敵が上陸したら竹槍を持って軍とともに戦うか、ひたすら逃げるか、自決するか。沖縄に限らず当時の国民は不安におののき、絶望的状態にあった。1945年2月に徴兵されて北海道旭川の部隊にいた私も3月に米軍が沖縄に上陸したと知らされ、いよいよ本土決戦かと悲壮な覚悟をした。
沖縄の小さな島を守る軍隊は援軍も期待できず、最後まで戦って玉砕する決意しかなかっただろう。一般国民にしても、米英は鬼畜であり、占領されれば男は殺され、女は暴行されると教育されていた。すぐ降伏すればよかったというのは戦後の価値観に過ぎない。
国土が戦場となれば、住民には軍のほかに頼れるものはなく、軍に協力するのが当然であるとされた。沖縄住民の協力ぶりは「鉄血勤皇隊」や「ひめゆり部隊」などで周知のことである。戦闘に巻き込まれることば不可避であり、軍官民が一体化して敵に当たるほかなかった。
その意味で「軍の関与」があったことは当然である。自分たちは玉砕するが、住民にはとにかく逃げ延びろという場合もあっただろうし、一緒に死のうと手榴弾を手渡したケースもあっただろう。一億玉砕を教えられていた当時の国民はそれを受け入れる精神状態にあり、それがあの戦争の現実であった。
教科書検定についての論争はもっばら、集団自決が軍による強制=命令かどうかということだった。しかし「直接的な軍命令の根拠は確認できていない」(検定審)といわれるように、軍が強制したと一概に断定するのは難しいのではないか。

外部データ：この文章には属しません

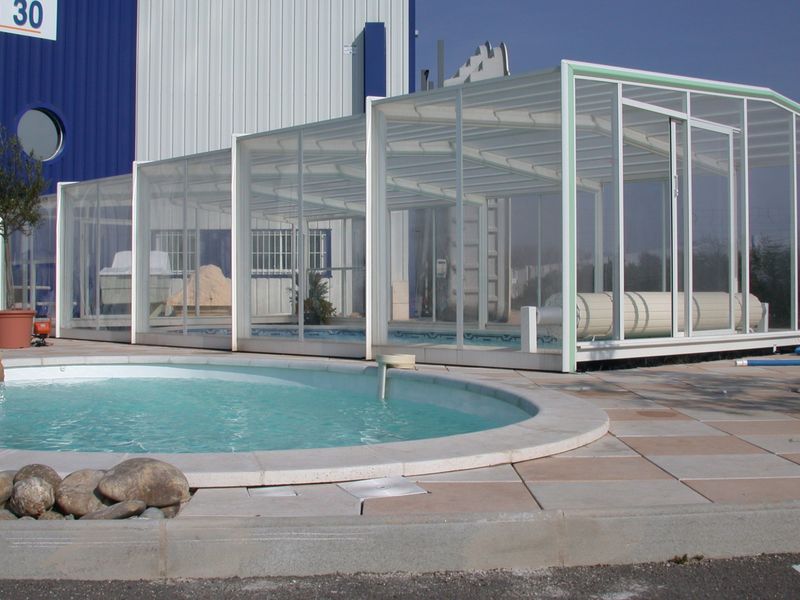 PISCINE COQU EPOLYESTER AVEC ABRIS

命令されたという戦後の証言もあるが、遺族年金受給のためともいわれる。
戦場の過酷悲惨な極限状況とその場における人間の心理、行動の真相を、平時になってから検証することは困難である。それでも、恐怖と絶望に駆られ、絶壁から飛び降りたサイパン島の日本住民のように、集団自決せざるを得なくなったケースは十分想像し得る。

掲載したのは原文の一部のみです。